Saved entries:
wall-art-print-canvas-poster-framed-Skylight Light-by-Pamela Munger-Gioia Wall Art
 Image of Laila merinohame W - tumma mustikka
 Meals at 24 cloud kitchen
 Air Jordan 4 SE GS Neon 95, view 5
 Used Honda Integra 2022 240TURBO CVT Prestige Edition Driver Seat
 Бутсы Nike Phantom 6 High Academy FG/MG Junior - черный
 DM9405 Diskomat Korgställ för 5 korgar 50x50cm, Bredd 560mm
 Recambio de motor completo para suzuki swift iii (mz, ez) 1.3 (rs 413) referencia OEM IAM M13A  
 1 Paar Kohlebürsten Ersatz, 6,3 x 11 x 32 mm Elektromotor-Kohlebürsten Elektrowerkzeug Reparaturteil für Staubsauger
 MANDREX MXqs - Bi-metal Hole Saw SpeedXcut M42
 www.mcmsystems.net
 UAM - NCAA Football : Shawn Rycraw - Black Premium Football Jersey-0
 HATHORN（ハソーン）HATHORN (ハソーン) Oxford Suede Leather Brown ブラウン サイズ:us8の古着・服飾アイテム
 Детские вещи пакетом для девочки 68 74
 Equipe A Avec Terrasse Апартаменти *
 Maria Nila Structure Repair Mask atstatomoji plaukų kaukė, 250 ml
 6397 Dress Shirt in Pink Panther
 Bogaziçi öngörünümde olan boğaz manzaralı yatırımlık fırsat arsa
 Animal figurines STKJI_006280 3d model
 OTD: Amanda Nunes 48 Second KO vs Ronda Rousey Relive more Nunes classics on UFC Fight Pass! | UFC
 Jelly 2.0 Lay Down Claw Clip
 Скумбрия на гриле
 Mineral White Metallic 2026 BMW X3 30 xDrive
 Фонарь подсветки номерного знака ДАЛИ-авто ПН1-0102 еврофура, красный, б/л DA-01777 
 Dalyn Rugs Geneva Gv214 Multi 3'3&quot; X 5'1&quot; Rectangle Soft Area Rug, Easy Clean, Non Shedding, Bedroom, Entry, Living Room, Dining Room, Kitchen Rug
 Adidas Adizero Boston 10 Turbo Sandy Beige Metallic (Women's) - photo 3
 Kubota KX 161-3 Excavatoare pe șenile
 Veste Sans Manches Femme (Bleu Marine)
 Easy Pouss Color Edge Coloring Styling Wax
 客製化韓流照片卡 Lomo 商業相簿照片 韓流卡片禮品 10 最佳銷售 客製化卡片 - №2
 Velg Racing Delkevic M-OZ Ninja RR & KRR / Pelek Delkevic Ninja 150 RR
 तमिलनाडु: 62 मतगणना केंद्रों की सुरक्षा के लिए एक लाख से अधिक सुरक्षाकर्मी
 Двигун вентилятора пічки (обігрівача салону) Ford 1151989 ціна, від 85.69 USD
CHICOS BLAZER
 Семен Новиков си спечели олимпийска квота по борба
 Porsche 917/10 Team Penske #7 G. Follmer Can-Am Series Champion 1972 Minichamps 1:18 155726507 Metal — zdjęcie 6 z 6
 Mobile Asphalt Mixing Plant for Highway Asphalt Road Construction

- AIM OF THE EXERCISE: Retype the first line of the entries and every line after it, please, through the line that contains "Equipe A Avec Terrasse Апартаменти *". Add nothing.

- RESPONSE FOR THIS EXERCISE:
wall-art-print-canvas-poster-framed-Skylight Light-by-Pamela Munger-Gioia Wall Art
 Image of Laila merinohame W - tumma mustikka
 Meals at 24 cloud kitchen
 Air Jordan 4 SE GS Neon 95, view 5
 Used Honda Integra 2022 240TURBO CVT Prestige Edition Driver Seat
 Бутсы Nike Phantom 6 High Academy FG/MG Junior - черный
 DM9405 Diskomat Korgställ för 5 korgar 50x50cm, Bredd 560mm
 Recambio de motor completo para suzuki swift iii (mz, ez) 1.3 (rs 413) referencia OEM IAM M13A  
 1 Paar Kohlebürsten Ersatz, 6,3 x 11 x 32 mm Elektromotor-Kohlebürsten Elektrowerkzeug Reparaturteil für Staubsauger
 MANDREX MXqs - Bi-metal Hole Saw SpeedXcut M42
 www.mcmsystems.net
 UAM - NCAA Football : Shawn Rycraw - Black Premium Football Jersey-0
 HATHORN（ハソーン）HATHORN (ハソーン) Oxford Suede Leather Brown ブラウン サイズ:us8の古着・服飾アイテム
 Детские вещи пакетом для девочки 68 74
 Equipe A Avec Terrasse Апартаменти *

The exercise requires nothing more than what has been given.